| Problem statement |
In the records below, find the line with "Brinco Feminino Delicado" and repeat exactly every line from it through the line with "Thumbnail: 2025 Nissan Sentra - 3". Pictures stay out.
(Dataset content)
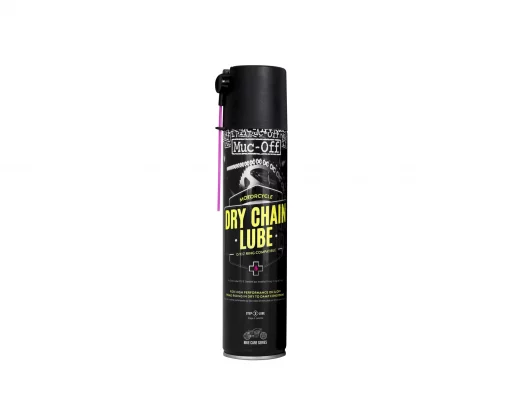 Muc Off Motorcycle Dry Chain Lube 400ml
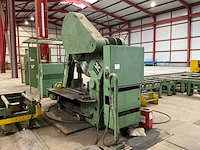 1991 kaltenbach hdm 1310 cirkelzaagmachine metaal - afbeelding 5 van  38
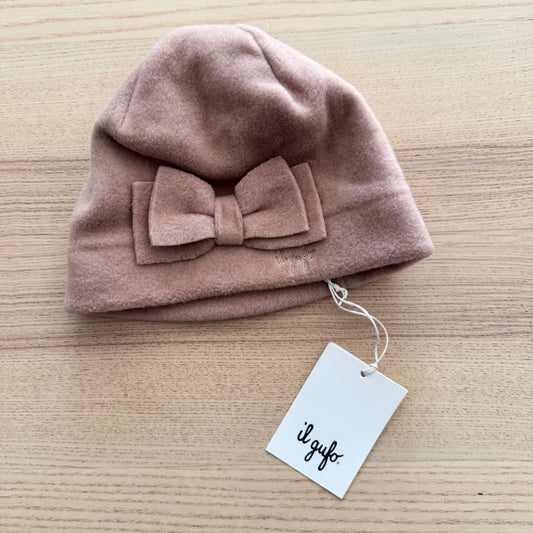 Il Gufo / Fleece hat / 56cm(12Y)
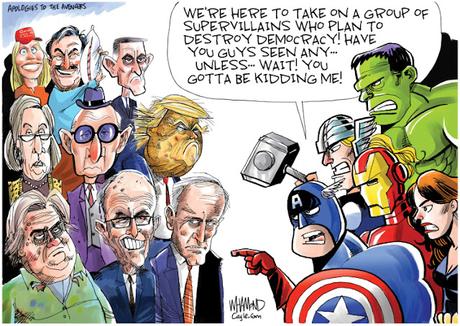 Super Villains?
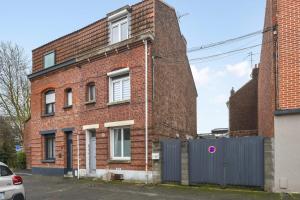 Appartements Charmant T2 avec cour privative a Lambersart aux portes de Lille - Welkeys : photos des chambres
(End Dataset content)
(Dataset content)
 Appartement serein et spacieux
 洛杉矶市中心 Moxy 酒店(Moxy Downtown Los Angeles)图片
(End Dataset content)
(Dataset content)
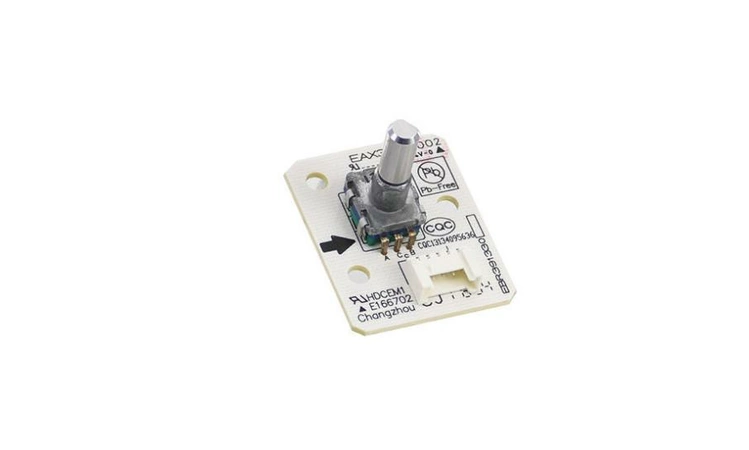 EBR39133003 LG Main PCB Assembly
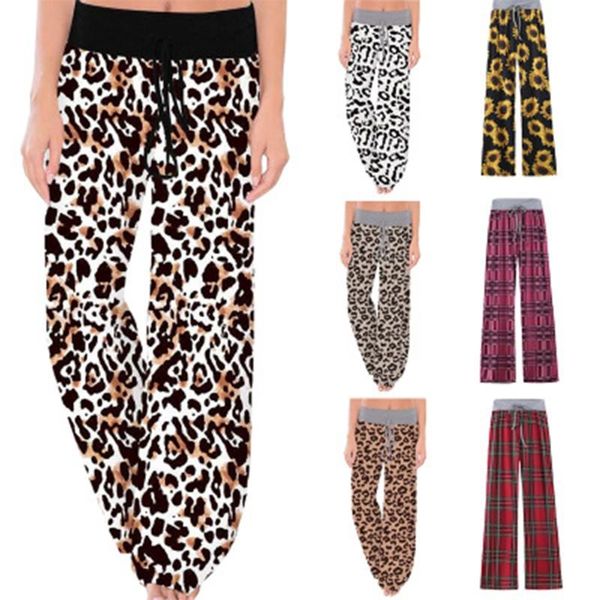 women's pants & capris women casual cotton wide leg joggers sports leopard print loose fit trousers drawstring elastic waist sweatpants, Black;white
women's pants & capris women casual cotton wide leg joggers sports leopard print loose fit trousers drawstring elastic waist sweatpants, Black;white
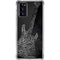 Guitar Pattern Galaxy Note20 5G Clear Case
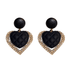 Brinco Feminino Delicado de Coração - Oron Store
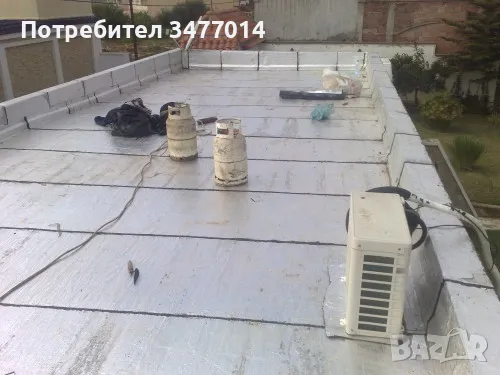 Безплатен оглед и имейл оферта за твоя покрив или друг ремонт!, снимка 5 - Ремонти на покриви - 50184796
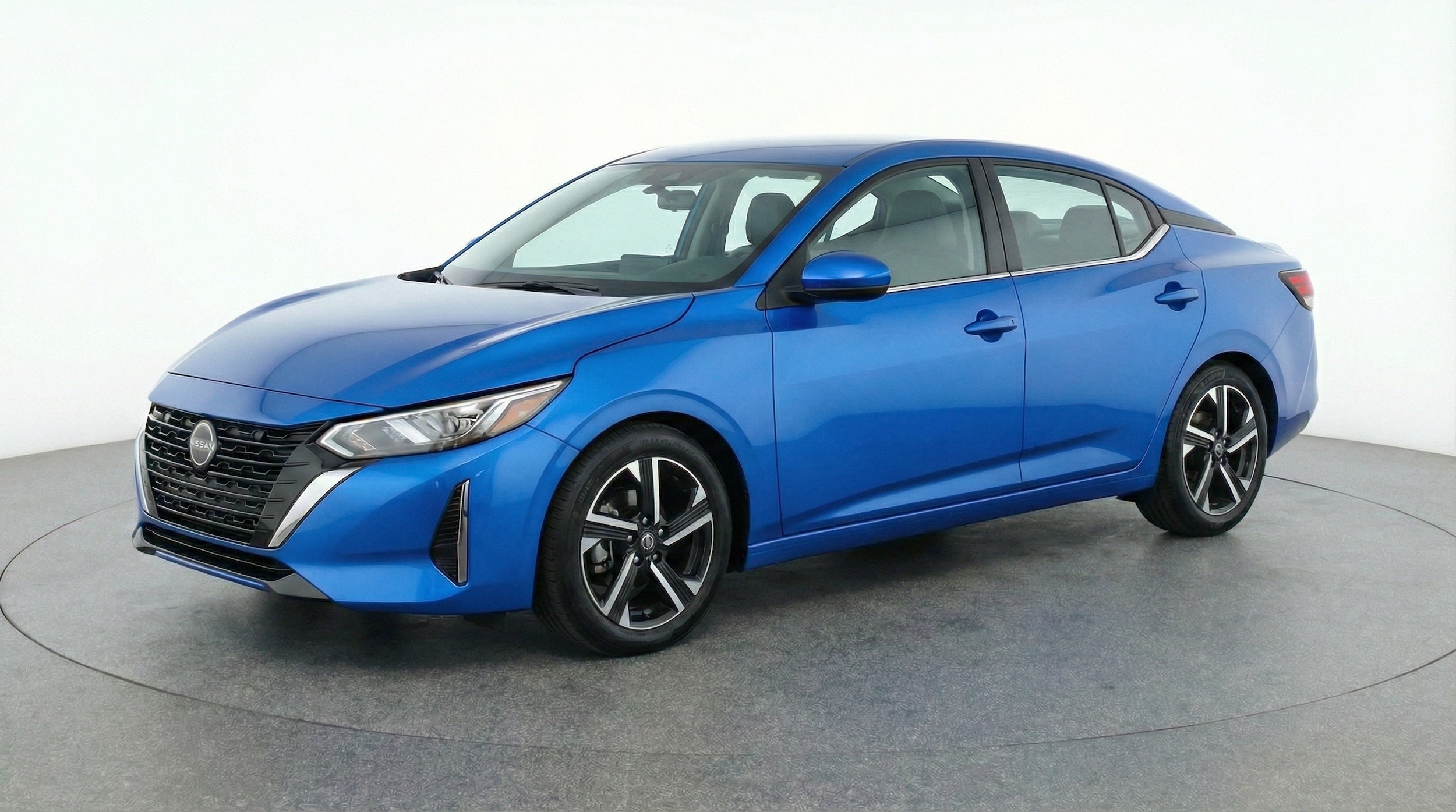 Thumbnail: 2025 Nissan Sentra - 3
(End Dataset content)
| Reply |
 Brinco Feminino Delicado de Coração - Oron Store
 Безплатен оглед и имейл оферта за твоя покрив или друг ремонт!, снимка 5 - Ремонти на покриви - 50184796
 Thumbnail: 2025 Nissan Sentra - 3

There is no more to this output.